| TASK TO COMPLETE |
A verbatim copy of all the data is required; the pictures should not appear in it.

| EXERCISE DATA |
──────

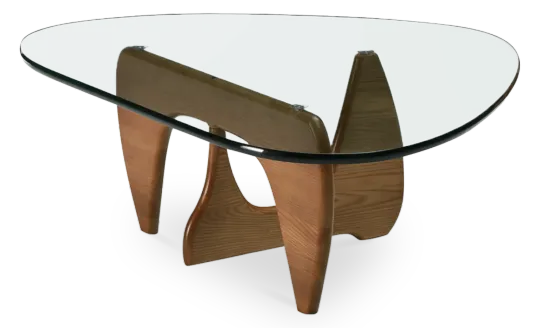 Japandi Salontafel Sabi | Glazen Blad | Walnoot Onderstel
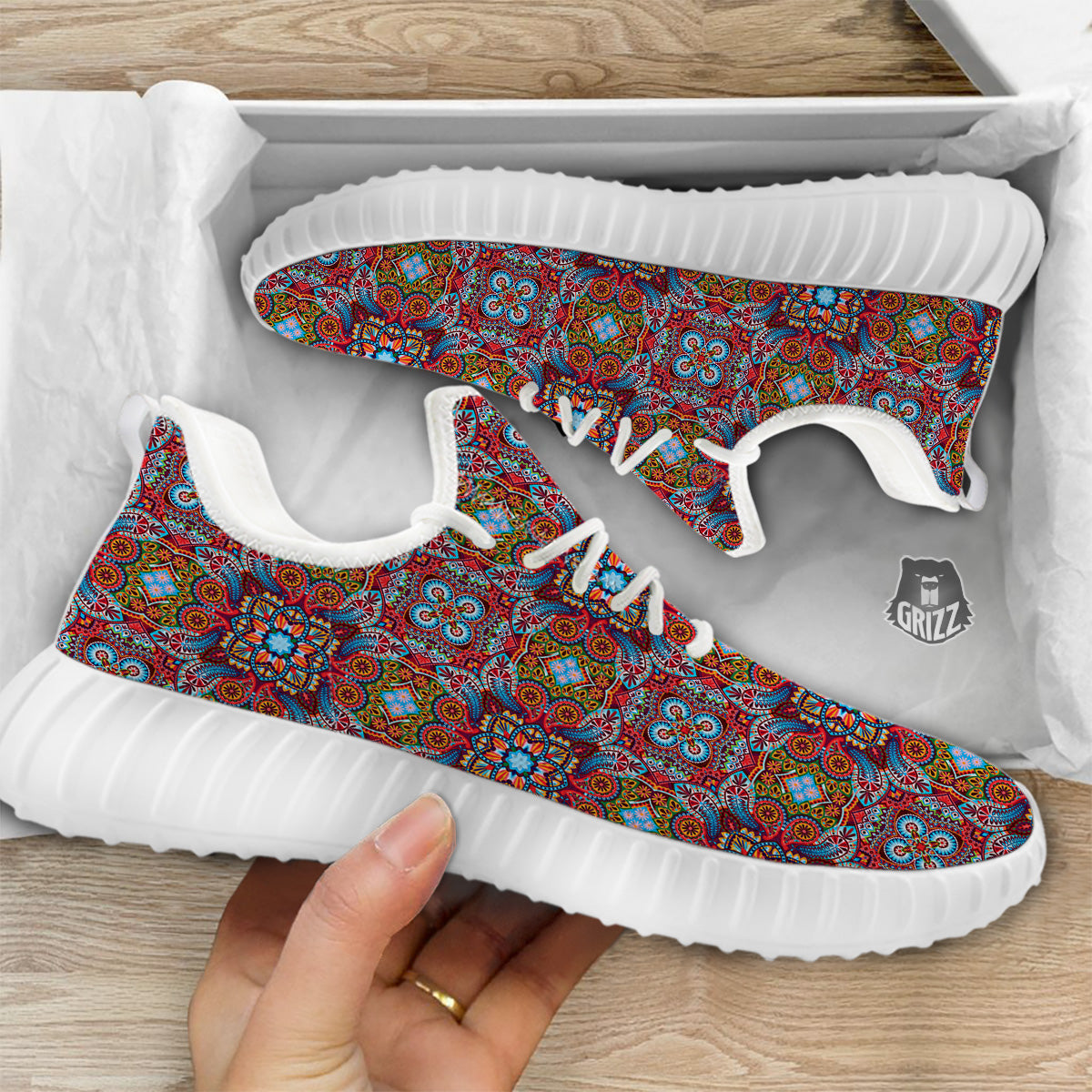 India Paisley Colorful Print Pattern White Walking Shoes-grizzshop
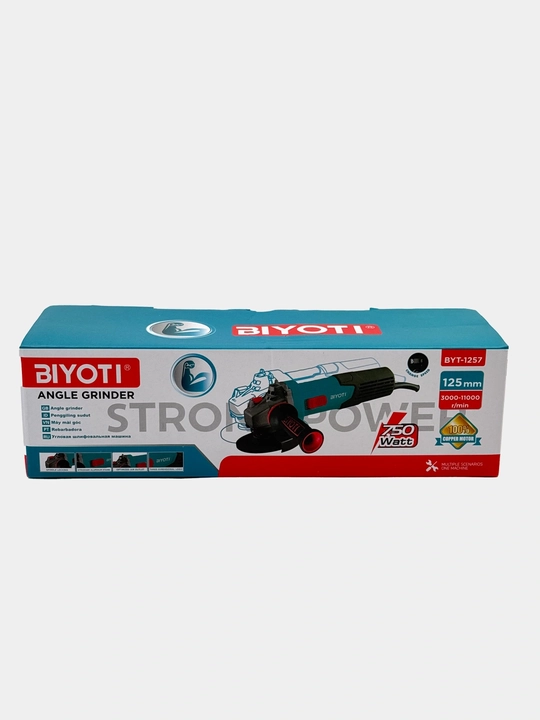Болгарка BIYOTI BYT-1257 125 мм, 750 Вт, 3000–11000 об/мин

──────

| SOLVED EXERCISE |
 Japandi Salontafel Sabi | Glazen Blad | Walnoot Onderstel
 India Paisley Colorful Print Pattern White Walking Shoes-grizzshop
Болгарка BIYOTI BYT-1257 125 мм, 750 Вт, 3000–11000 об/мин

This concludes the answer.